** Opening DATASET ENTRIES block **

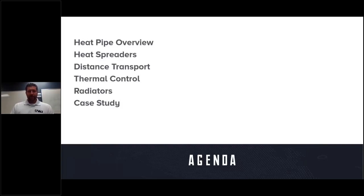Today we're going to give a high-level overview of what's currently being used and what's upcoming in the space industry. We'll start with a basic heat pipe overview, then look at local heat spreading, transporting heat long distances from components to radiator panels, thermal control aspects, and rejecting heat via radiators. We'll wrap up with a case study on our recent work on a NASA program.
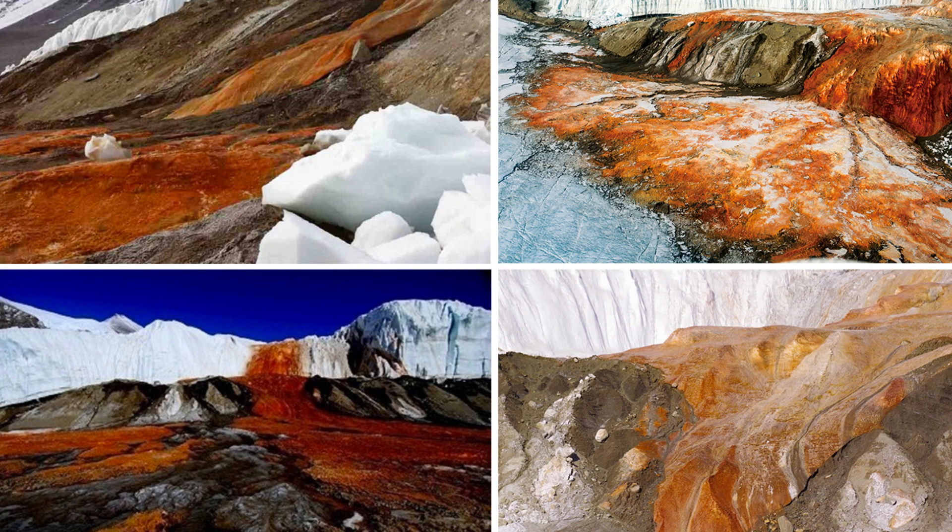The area where the waterfall is located is very unusual due to the super low humidity and lack of precipitation, which has not fallen here for an estimated two million years. This is how the name Dry Valleys came about.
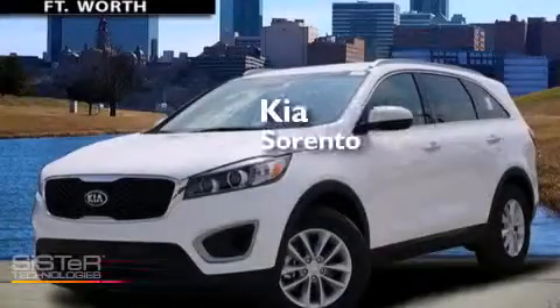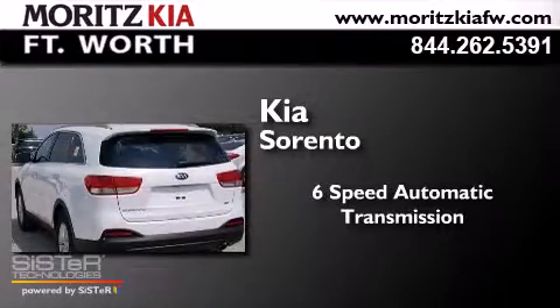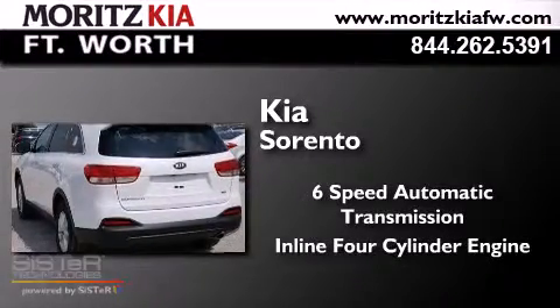Kia Sorento. This crossover has a six-speed automatic transmission and an inline four-cylinder engine.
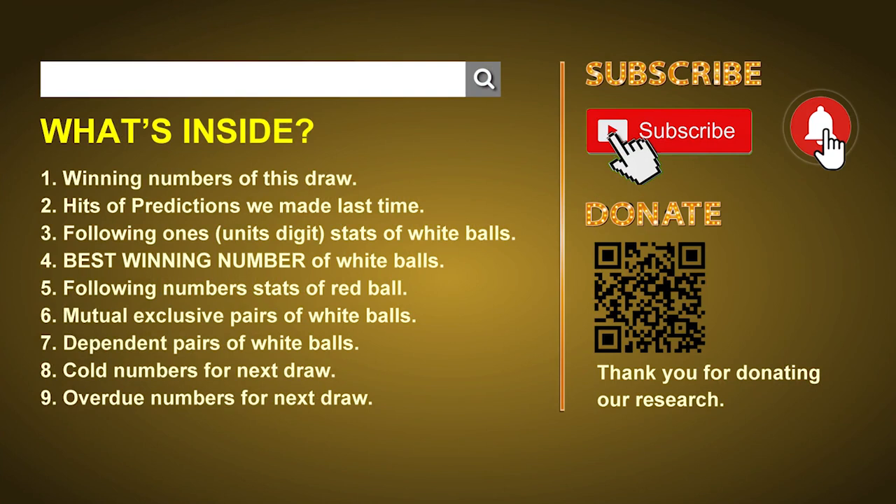Welcome to U.S. Powerball class. I am your favorite math teacher. Please like, share, and subscribe our channel, or you can search Powerball Math Teacher for our videos. Thank you.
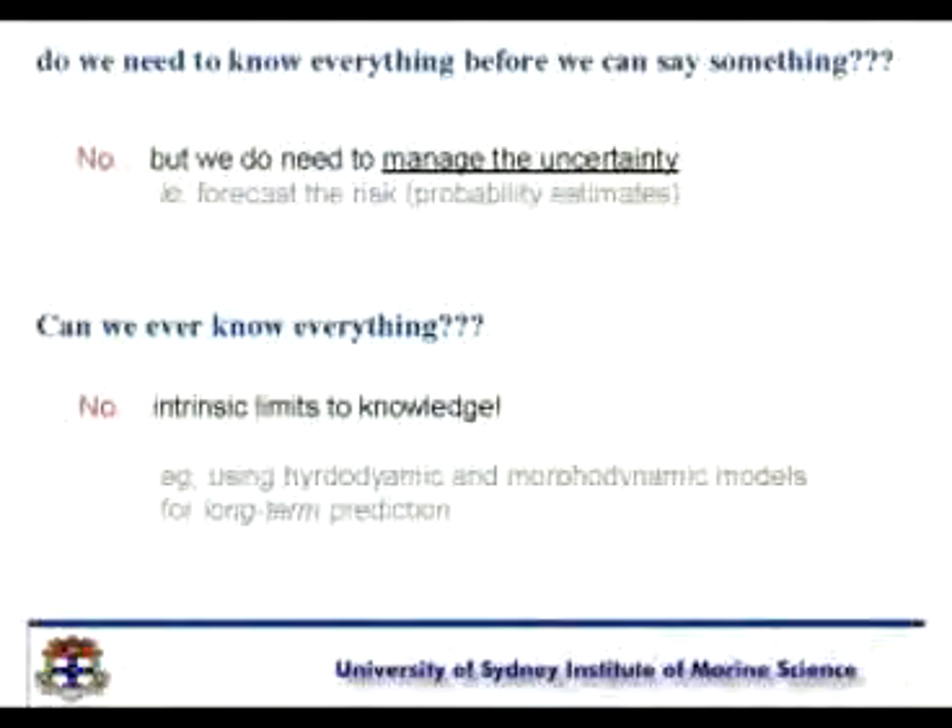But councils know we can't wait, because today there's somebody down there in the council office determining and providing advice based on numbers. We don't have to wait until we know everything before we get on with the job. But we do have to manage the uncertainty. So we need risk-based forecasts where we have probability estimates of being wrong.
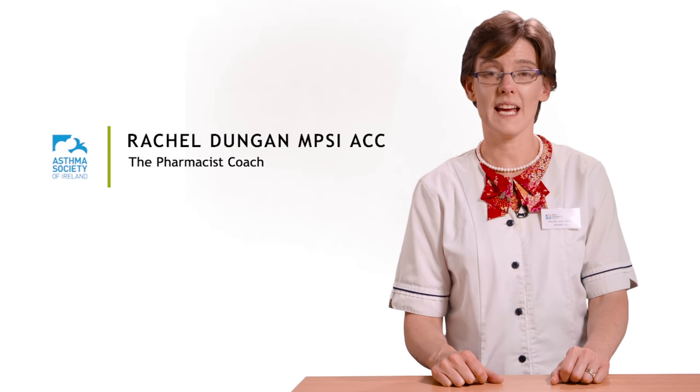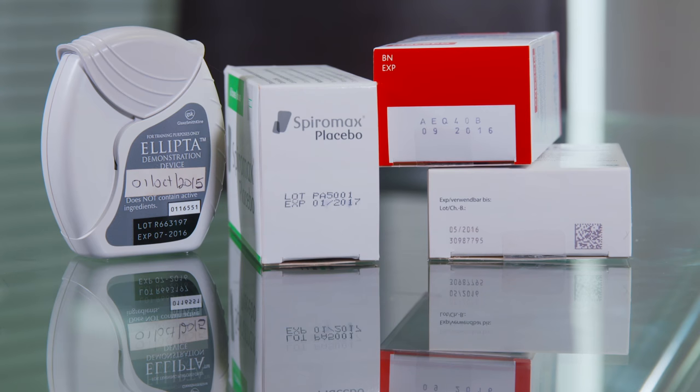I'm going to explain the top inhaler topics to address with your doctor, nurse or pharmacist. Be sure that you understand why you have each medication and device.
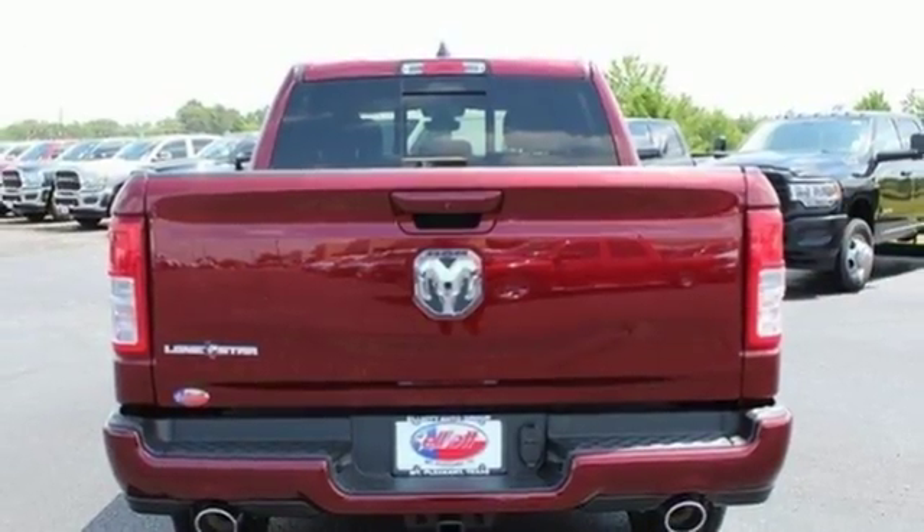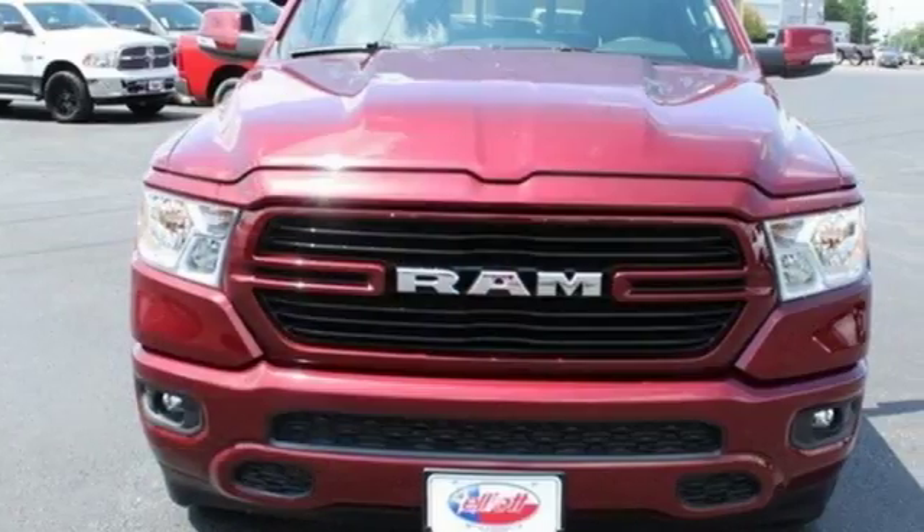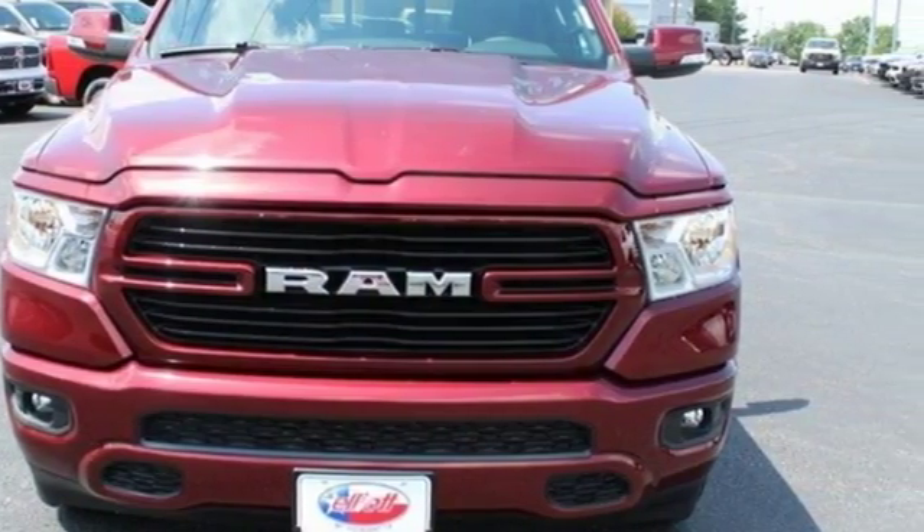They say a journey of a thousand miles begins with one step. Well, in this case, it begins with a test drive. Start your next adventure today.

** Closing DATASET ENTRIES block **

* REQUIRED ACTION
An exact copy is needed of every line from the line containing "I'm going to" to the last line of the records; pictures stay out of it.

* ANSWER SECTION
I'm going to explain the top inhaler topics to address with your doctor, nurse or pharmacist. Be sure that you understand why you have each medication and device.
They say a journey of a thousand miles begins with one step. Well, in this case, it begins with a test drive. Start your next adventure today.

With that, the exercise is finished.